Per una buona parte della popolazione mondiale il riso rappresenta un alimento cardine.
Metà della popolazione mondiale si sfama grazie a un’umile pianta della famiglia delle graminacee. Con 497 milioni di tonnellate nel 2016, il riso si attesta come il secondo cereale più consumato nel mondo dopo il grano (742 milioni di tonnellate); le aree destinate alla sua coltivazione, nel 2016, ammontano a 234.134,35 ettari, il 3% in più rispetto al 2015. Nel 2015 la produzione ammontava a 1,4 milioni di tonnellate di riso greggio, corrispondente al 50% della produzione europea, concentrata, in gran parte, in Piemonte e Lombardia.
L’Italia in questo contesto, quindi, può vantare il primato europeo con oltre la metà di tutta la produzione comunitaria e per questo motivo per rendere operative in maniera urgente misure adeguate a sostegno del comparto il nostro paese, insieme a altri sette Paesi dell’Ue: Francia, Spagna, Bulgaria, Grecia, Ungheria, Portogallo e Romania si è rivolta alla Commissione europea. In particolare, i ministri dell’agricoltura hanno sottoscritto a Bruxelles, durante i lavori del Consiglio, un documento strategico con una serie di richieste: la prima, attivare la clausola di salvaguardia per le importazioni dai Paesi cosiddetti ‘Eba’ quale Cambogia e Birmania, che invadono il mercato europeo con il loro export a dazio zero.
Il problema principale, infatti, è il rischio prodotto dalle importazioni senza dazi da Paesi terzi che sta danneggiando e svantaggiando gli agricoltori, le industrie e il mercato dell’Ue.
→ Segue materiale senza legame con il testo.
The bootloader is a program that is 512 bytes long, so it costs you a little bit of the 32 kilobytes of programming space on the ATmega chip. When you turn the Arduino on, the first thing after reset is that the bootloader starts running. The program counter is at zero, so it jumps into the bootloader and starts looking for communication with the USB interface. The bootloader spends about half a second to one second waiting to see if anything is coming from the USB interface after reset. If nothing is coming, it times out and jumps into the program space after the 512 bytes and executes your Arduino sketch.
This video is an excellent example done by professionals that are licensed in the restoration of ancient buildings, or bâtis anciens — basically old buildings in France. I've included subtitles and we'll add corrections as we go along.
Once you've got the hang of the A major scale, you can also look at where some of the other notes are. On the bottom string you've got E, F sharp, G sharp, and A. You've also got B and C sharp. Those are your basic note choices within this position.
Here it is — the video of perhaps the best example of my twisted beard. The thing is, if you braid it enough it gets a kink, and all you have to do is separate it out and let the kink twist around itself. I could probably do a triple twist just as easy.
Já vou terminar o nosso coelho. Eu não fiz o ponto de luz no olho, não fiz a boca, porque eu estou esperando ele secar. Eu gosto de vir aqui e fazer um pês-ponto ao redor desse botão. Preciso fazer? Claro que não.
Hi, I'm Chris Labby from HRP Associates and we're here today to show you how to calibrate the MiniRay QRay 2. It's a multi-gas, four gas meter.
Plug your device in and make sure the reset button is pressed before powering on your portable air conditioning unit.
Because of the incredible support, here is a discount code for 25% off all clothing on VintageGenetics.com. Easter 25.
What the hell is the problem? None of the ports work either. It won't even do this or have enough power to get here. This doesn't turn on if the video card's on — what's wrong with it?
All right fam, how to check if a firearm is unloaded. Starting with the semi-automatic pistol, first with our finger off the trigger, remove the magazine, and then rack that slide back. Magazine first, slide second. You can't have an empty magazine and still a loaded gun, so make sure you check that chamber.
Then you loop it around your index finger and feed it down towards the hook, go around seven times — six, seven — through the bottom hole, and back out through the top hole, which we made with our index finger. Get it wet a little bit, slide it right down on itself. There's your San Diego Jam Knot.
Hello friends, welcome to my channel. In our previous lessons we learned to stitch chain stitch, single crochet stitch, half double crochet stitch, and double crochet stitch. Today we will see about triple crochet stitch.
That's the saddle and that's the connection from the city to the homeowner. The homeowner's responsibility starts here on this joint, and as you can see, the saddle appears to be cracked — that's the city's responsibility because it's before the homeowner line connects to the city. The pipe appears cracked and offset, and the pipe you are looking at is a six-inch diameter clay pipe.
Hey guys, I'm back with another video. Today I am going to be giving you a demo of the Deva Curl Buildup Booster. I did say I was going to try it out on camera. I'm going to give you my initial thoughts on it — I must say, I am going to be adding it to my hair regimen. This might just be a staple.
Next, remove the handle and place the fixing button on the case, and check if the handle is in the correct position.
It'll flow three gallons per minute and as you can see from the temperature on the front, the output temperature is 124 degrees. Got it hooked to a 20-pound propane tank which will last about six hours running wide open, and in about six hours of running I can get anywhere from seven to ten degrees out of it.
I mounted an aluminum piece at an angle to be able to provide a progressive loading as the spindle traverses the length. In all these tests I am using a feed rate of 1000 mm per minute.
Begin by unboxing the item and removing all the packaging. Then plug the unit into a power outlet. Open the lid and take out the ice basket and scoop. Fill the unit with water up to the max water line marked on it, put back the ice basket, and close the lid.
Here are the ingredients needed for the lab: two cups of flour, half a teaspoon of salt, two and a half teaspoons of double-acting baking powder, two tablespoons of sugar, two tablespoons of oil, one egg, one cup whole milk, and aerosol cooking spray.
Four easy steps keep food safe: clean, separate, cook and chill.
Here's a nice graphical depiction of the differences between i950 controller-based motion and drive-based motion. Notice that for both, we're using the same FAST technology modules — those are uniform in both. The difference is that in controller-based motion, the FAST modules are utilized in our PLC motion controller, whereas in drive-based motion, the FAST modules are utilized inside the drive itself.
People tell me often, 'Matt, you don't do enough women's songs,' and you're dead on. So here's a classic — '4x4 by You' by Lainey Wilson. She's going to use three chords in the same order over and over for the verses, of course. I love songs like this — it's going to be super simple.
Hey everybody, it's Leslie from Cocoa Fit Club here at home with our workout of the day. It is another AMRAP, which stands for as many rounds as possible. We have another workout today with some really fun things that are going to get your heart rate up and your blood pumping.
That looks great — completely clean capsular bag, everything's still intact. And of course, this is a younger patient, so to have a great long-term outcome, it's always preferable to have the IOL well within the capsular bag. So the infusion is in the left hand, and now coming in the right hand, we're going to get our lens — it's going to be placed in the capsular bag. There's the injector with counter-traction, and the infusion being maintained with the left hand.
La completa liberalizzazione per i Paesi meno avanzati ha comportato, un aumento notevole delle importazioni di riso, cresciute del 65% tra la campagna 2008/2009 e quella 2015/2016, e di riso in piccole confezioni, aumentate invece del 45% tra il 2013 e il 2016. A crescere, inoltre, sono anche i livelli delle giacenze, ovvero di merce invenduta, tanto che per la campagna 2016/2017 la Commissione europea si aspetta il raggiungimento di un livello record pari a 586mila tonnellate, equivalenti al 30% della produzione dell’Ue.
Gli otto ministri europei hanno chiesto, pertanto, di valutare la possibilità di rimuovere i vincoli che impediscono l’efficace applicazione delle misure di salvaguardia per le importazioni dai Paesi meno avanzati ma anche di riconoscere la specificità del settore nella nuova Politica agricola comune, potenziandone i modelli di etichettatura e approfondendo gli studi per valutare gli effetti che questi sistemi riguardanti i Paesi meno sviluppati hanno avuto sui diritti sociali e dei lavoratori nei Paesi Eba.
“La crisi del settore è a livello europeo – afferma il ministro Maurizio Martina – e come tale va affrontata. Non possiamo più permetterci uno squilibrio di mercato come questo, frutto di accordi che mettono in difficoltà i nostri agricoltori oggi e che in prospettiva rischiano di azzerare la produzione europea. È il momento delle risposte per invertire la tendenza, tutelando le produzioni, i paesaggi coinvolti nelle produzioni e garantendo allo stesso tempo sicurezza e trasparenza ai consumatori”.